Of course the infamous 2-0 win at Portman Road on the 21st of December 2003 left Norwich top of the tree and Ipswich 5th and in the season before, Ipswich's 2-0 win in March took them 8th to just a point behind City in 7th. Before that Ipswich were in the Premiership in the 2001/02 and 2000/01 season’s.

Even Ipswich's famous 5-0 win in Feb '98 only left them 9th and City 14th and earlier that season City won 2-1 to go 10th and leave Town 22nd. Town's late 1996/97 season 2-0 win virtually guaranteed their play-off spot that year to put them 5th and leave City's play-off hopes in tatters in 9th place.

City picked up six points against Town in the perilous 1994/95 Premiership season but both results were fairly irrelevant as both club's were relegated, with Town finishing bottom.

Again in the Premiership, in 1993/94, there were win's a piece in the first half of the season but they were fairly irrelevant as City finished 12th and Town staved off relegation in 19th.                            

In April '93 Town completed a Premiership double over City with a 3-1 win that finished off City's stuttering title aspiration’s to leave them 3rd and virtually guarantee safety for Town in 16th. Earlier that season in December '92 Town won 2-0 at Carrow Road to prevent City from lengthening their 4 point lead at the top of the Premiership and leave Town 6th.

Between the 1991/92 season and 1986/87 season Town were in the old Second Division and City in the first so it was in March 1985 that the last really important, competitive Derby took place. City recovered a 1-0 first-leg deficit to win the Milk Cup semi-final, courtesy of a Steve Bruce header, to go to Wembley, where they would eventually triumph over Sunderland to lift the trophy. 

A big game like that is needed in East Anglia again, and soon.

If you compare this to Wolves and Birmingham's recent clashes, it is a stark contrast.

The 3-2 win for Birmingham on Sunday put them top of the table again and got their promotion chase back on course while leaving Wolves' 6th placed play-off position looking vulnerable.

In 05/06  and 04/05 Birmingham were in the Premiership and Wolves the Championship but when they were both in the Premiership in the 2003/04 season they drew 2-2 in the April to leave Wolves rock bottom and Birmingham 9th. With three games to go, the result virtually consigned Wolves to their fate.

In April 2000 Birmingham beat Wolves 1-0 to go 5th and leave Wolves 7th, in December '99 Wolves won 2-1to go 10th and leave the Blue's 8th, in April '99 Wolves won 1-0 to leave Birmingham 4th and themselves 6th, when Wolves won 3-1 in November '98 they went 5th and left Birmingham 8th.

In short, they've caused each other plenty of problems in recent times and given their fans a reason to dislike each other; their teams were standing in each other's way.
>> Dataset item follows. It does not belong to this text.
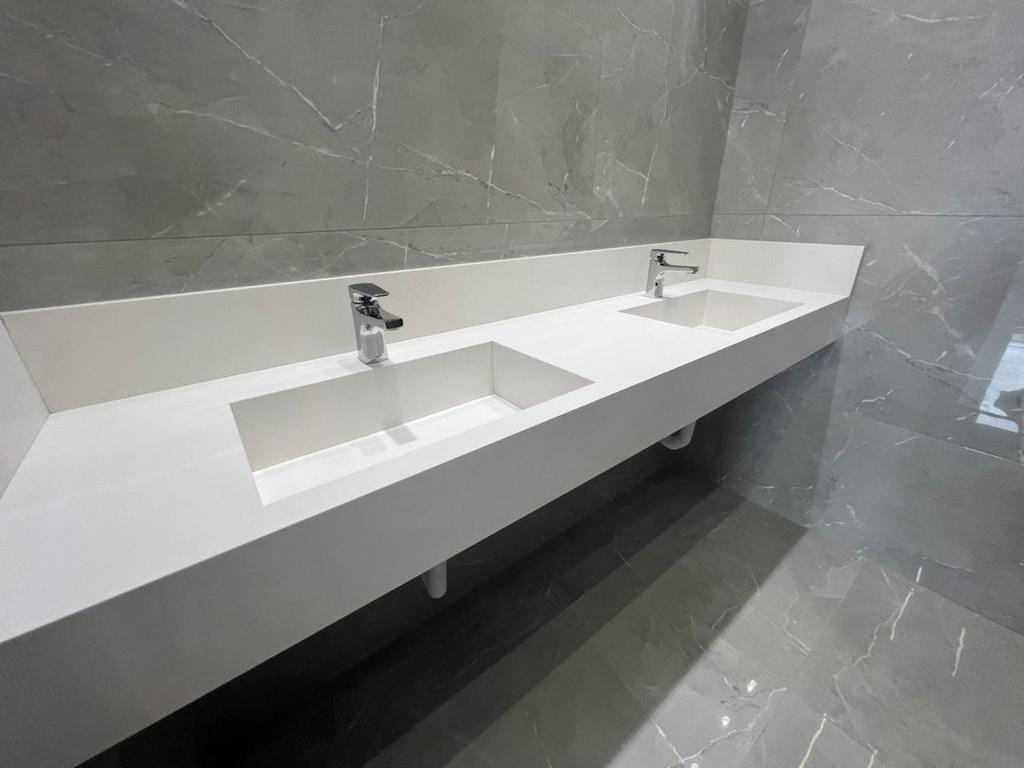 Casa à 173m² venda/3 suítes (sendo 1 master com closet)Piscina/4 vagas - Condomínio Legend Santa Rosa, Londrina, PR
Sadly, Ipswich and Norwich have rarely stood in each other's way and we have lost this kind of relationship.

The West Midlands rivals may hardly have the tension of Rangers v Celtic, Man Utd v Liverpool, Southampton v Portsmouth or Tottenham v Arsenal but they at least have more reason than just their geographical positioning to dislike each other. Promotion scraps, play-off race's and even relegation dog-fight's, there's no doubt that if this were to happen in East Anglia, the torch would truly be lit.
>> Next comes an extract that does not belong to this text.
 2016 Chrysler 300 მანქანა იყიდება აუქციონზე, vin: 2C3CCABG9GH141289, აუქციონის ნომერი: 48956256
In fact City fan's have more rivalry with Birmingham and Wolves than they do with Ipswich after the 2001 play-off's!

Danny Hayne's late winning, punched goal at Carrow Road last year is already as good as forgotten, because the game meant nothing, zilch, nada.

A Derby game does not need sending off's, booking's, brawl's and mindless hooliganism to be tense and exciting, and with midday kick-off's and massive police presence at derby game's eliminating the 'ugly' side of local derbies, this side of the game's has lessened hugely, but this does not mean that passion is not allowed.
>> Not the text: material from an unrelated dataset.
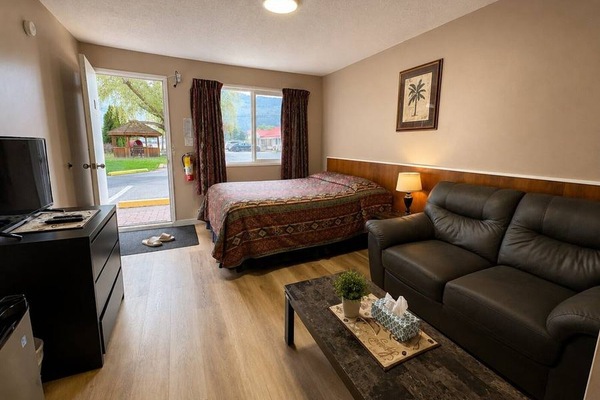 Standard Double Room, 1 Queen Bed | Living area | Flat-screen TV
Imagine next year, four game to go, both teams in the play-off mix, Chrissy Martin runs out with freshly dyed green hair, Danny Haynes scores an equalising goal, before Alex Bruce passes back to Lewis Price, who proceeds to do his best Gunny impression and hand City the game. That would more than light the torch!

That is the kind of drama that the East Anglian Derby is missing.